Court of Appeals Ninth District of Texas at Beaumont
Apr 2, 2020
NO. 09-20-00080-CV (Tex. App. Apr. 2, 2020)

Opinion

NO. 09-20-00080-CV

04-02-2020

R&T ELLIS EXCAVATING, INC. AND PRINCIPAL SERVICES, LTD., Appellants v. FLOYD PAGE AND GALE PAGE, Appellees


On Appeal from the 253rd District Court Liberty County, Texas
Trial Cause No. CV-1813535

MEMORANDUM OPINION

R&T Ellis Excavating, Inc. and Principal Services, Ltd. (collectively, the companies) seek this Court's permission to appeal interlocutory orders denying their respective pleas to the jurisdiction seeking dismissal of a lawsuit filed by Floyd and Gale Page. After considering the companies' joint request seeking permission to appeal, we deny their request.

The record the companies filed to support their request shows the Pages sued them seeking damages and injunctive relief. In their suit, the Pages alleged the companies trespassed on their property and were negligent based on the manner the companies disposed of water while working on a project excavating a canal on land adjacent to their property. According to the petition the Pages filed, the companies pumped, dumped, transferred, and disposed of water and other substances on property the Pages own in Liberty County, Texas.

In response to the suit, the companies filed pleas to the jurisdiction. In them, the companies argued that, as private contractors working under a contract issued by a governmental entity — the Coastal Water Authority (CWA) — they enjoyed the same rights to sovereign immunity as that enjoyed by the CWA. The trial court denied the pleas. Later, the companies filed a joint request asking the trial court to grant them permission to appeal its ruling denying their respective pleas. The order granting Principal Service's request to appeal states the controlling issue of law is "whether governmental immunity extends to Defendant Principal Services." The order granting R&T Ellis Excavating's request to appeal states the controlling issue of law is "whether governmental immunity extends to Ellis."

A plea to the jurisdiction is a dilatory plea, which is commonly used by governmental entities to challenge a court's power to hear the merits of lawsuits filed in courts. See Bland Indep. Sch. Dist. v. Blue, 34 S.W.3d 547, 554 (Tex. 2000).

To obtain permission to appeal from an order not otherwise appealable, the party seeking permission to appeal must establish (1) the order the subject of the requested appeal involves a "controlling question of law as to which there is a substantial ground for difference of opinion[]" and (2) an immediate appeal from the order "may materially advance the ultimate termination of the litigation." In the joint petition the companies filed in this Court, they argue the question of law they are seeking to have reviewed is whether the doctrine of governmental immunity extends "to private contractors, and — more specifically — the degree of control the government must exercise for its immunity to extend to a private contractor[.]" According to the companies, resolving questions about the degree of control required could lead to another ruling that would either terminate the Pages' suit or terminate some of their claims.

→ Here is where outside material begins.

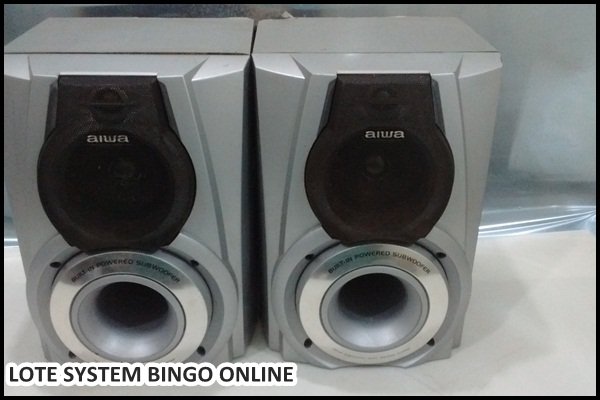 loye-system (9)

First, we address whether the companies established the trial court's order involves a controlling question of law on which there are grounds for a substantial difference of opinion. In addressing that question, we note no party argues that the CWA is not governmental entity, as the Legislature created it to provide untreated surface water to the cities of Houston, Baytown, and Deer Park. The exhibits attached to the companies' joint request shows the CWA hired Principal Services as a general contractor to build a canal system designed to carry water from the Trinity River to Lake Houston. To carry out its obligations to the CWA, Principal Services subcontracted with R&T Ellis Excavating, an oilfield construction company whose services include excavation work. As relevant to the suit, the record shows that R&T Ellis Excavating is the company that built the canal on the property next to the Pages' property.

Coastal Water Auth., https://www.coastalwaterauthority.org. (last visited March 20, 2020).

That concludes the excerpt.